Example 2 Let ${X}$ and ${Y}$ be reflexive Banach spaces and ${A:X\rightarrow Y}$ be linear, bounded and one-to-one. We use the set ${M = \{x\ :\ \|x\|_X\leq R\}}$ as prior knowledge on the solution of ${Ax=y^\dagger}$. Moreover, we use the metrics induced the norms of ${X}$ and ${Y}$, respectively: ${d_X(x,x') = \|x-x'\|_X}$ and ${d_Y(y,y') = \|y-y'\|_Y}$.

Obviously, ${M}$ is not compact (if ${X}$ is of infinite dimension) but it is weakly compact (and by the Eberlein-Smulian theorem also weakly-sequentially compact). In the situation of the proof of Theorem~1 we only get a weakly converging subsequence ${x_{\delta_n}\rightharpoonup \bar x}$. However, a linear operator ${A}$ is also weak-to-weak linear, and hence ${Ax_{\delta_n}\rightharpoonup A\bar x}$. While we only have a weakly converging sequence, we still can obtain the contradiction in~(0) since the norm is weakly lower semicontinuous.

Another way to justify the assumption that the solution is in a known compact set, is that in practice we always use a representation of the solution which only use a finite number of degrees of freedom (think of a Galerkin ansatz for example). However, this interpretation somehow neglects that we are interested in finding the true solution to the true infinite dimensional problem and that the discretization of the problem should be treated as a different issue.

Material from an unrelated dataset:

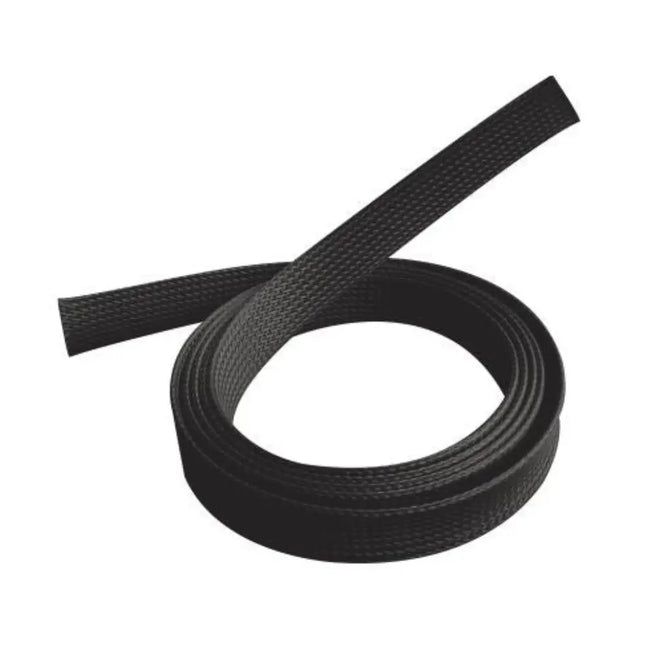 Black Brateck braided cable sleeve made of polyester fabric, 20mm in diameter, expanding to bundle and organize loose electronic cords.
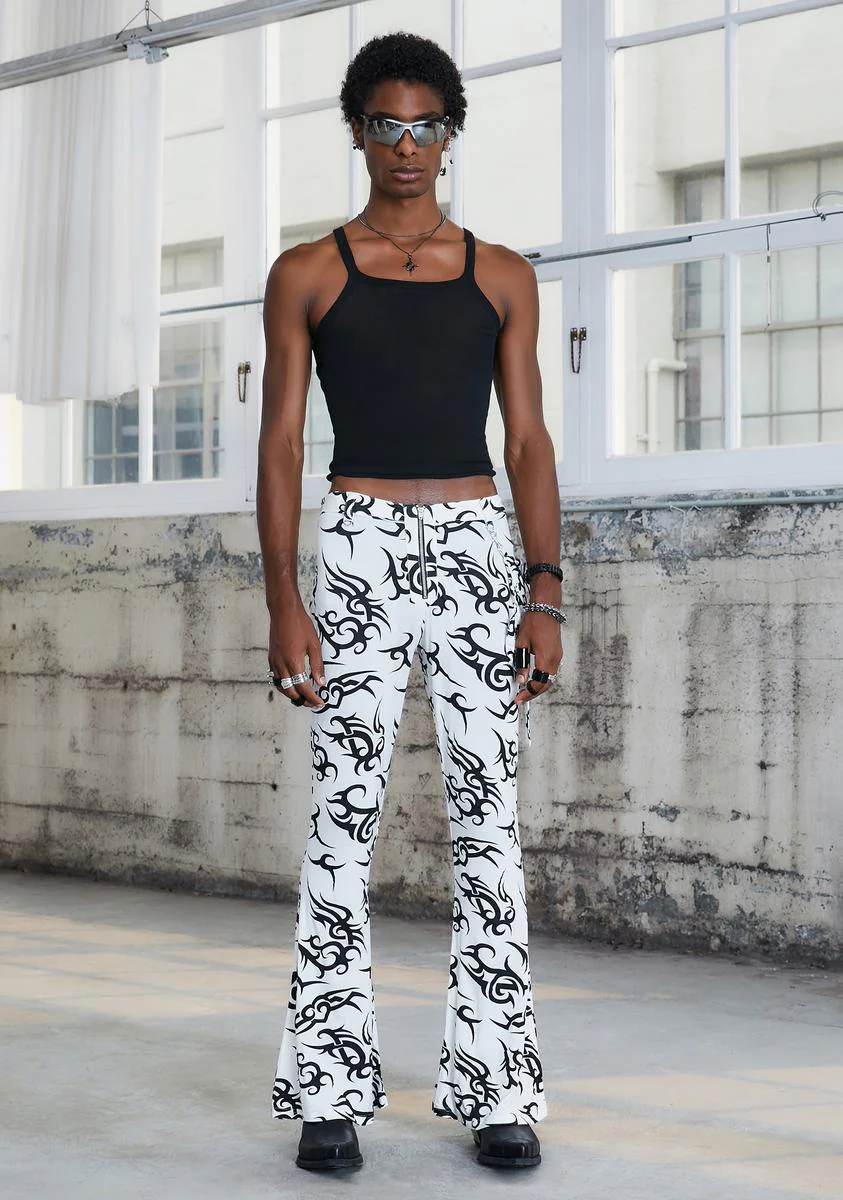 Kickdrum Tattoo Print Flare Pants - Image 3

Just building on the regularizing effect of discretization will almost surely result in a method which stability properties depend on the resolution of the discretization.

Finally: Another good reference of these somehow ancient results in regularization theory is one of the first books on this topics: “Solutions of ill-posed problems” by Tikhonov and Arsenin (1977). While it took me some time to get used the type of presentation, I have to admit that it is really worth to read this book (and other translation of Russian mathematical literature).